The gang’s all here, and then some. With Sunnydale currently a crater, the Scoobies and co. have relocated to a citadel in Scotland, where they suffer and old enemy’s wrath and uncover a new Big Bad, known only as Twilight. My main concern with Seasons 8’s kick-off is not the lack of familiar faces but the excess of them. Whedon is a little too eager to pull his fans back into the Buffyverse, weighing the prospect of new evil presence with a bevy of cameos from the series, all of which deserved their own stories.
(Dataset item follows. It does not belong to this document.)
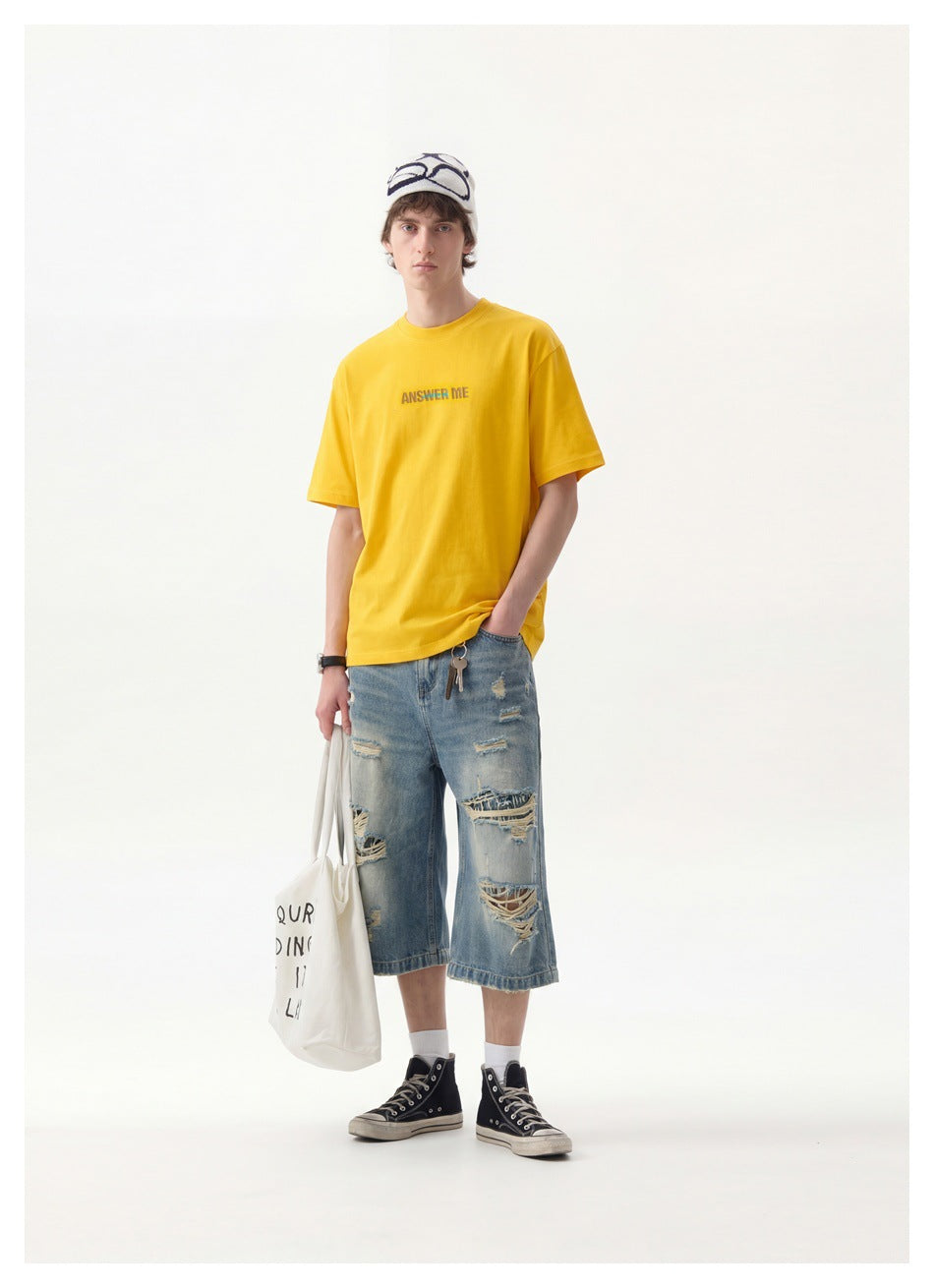 Man wearing yellow 'ANSWER ME' T-shirt with distressed denim shorts, beanie, tote bag and black high-top sneakers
The surprise return of a villain with a unique skin complaint, in that he has none, feels like the kind of cheap cash-in one always fears when reading these books.
As with Whedon’s previous Slayer book, Fray, The Long Way Home is sorely lacking in the quieter, soap opera moments that made the series so much fun and its core characters so amiable. The few moments between Buffy and her sibling Dawn – enlarged to gigantic proportions after sleeping with a thricewise, whatever that is – remind us why we fell in love which these guys the first time round. Whedon clearly loves his creations too, but without the budgetary restrictions of television, he’s excised the “filler” moments, the trivialities of daily life that were, to many, what made the show such a joy. There are only so many zombies a Slayer can effortlessly decapitate before she loses her vulnerability and, consequentially, our interest.
Georges Jeanty presents, for the most part, an accurate rendering of the familiar faces, and cuts nice balance between realistic and “cartoonish”. The decision to cram such large story into 4 issues does tend to leave the pages looking a little cluttered at times, which is essentially the book’s problem; it tries too hard. The events of The Long Way Home could have filled an entire season of the show. Only the one-issue short The Chain offers any level of pathos, ironically due to its omission of the main cast. Whether the plotline inaugurated here will impact later stories remains to be seen, but I’m doubtful.
It’s difficult not to feel short changed with the Vampire Slayer’s third resurrection, but I hope the groundwork has been laid out for something truly special. As far as franchise revivals go, the first instalment of Buffy Season 8 is no Phantom Menace, but neither does it rank alongside Serenity.
“Oh Buffy, how we’ve missed you. Actually, on second thoughts, I think you’d better leave. We’ll always have Los Angeles. No wait, don’t go!”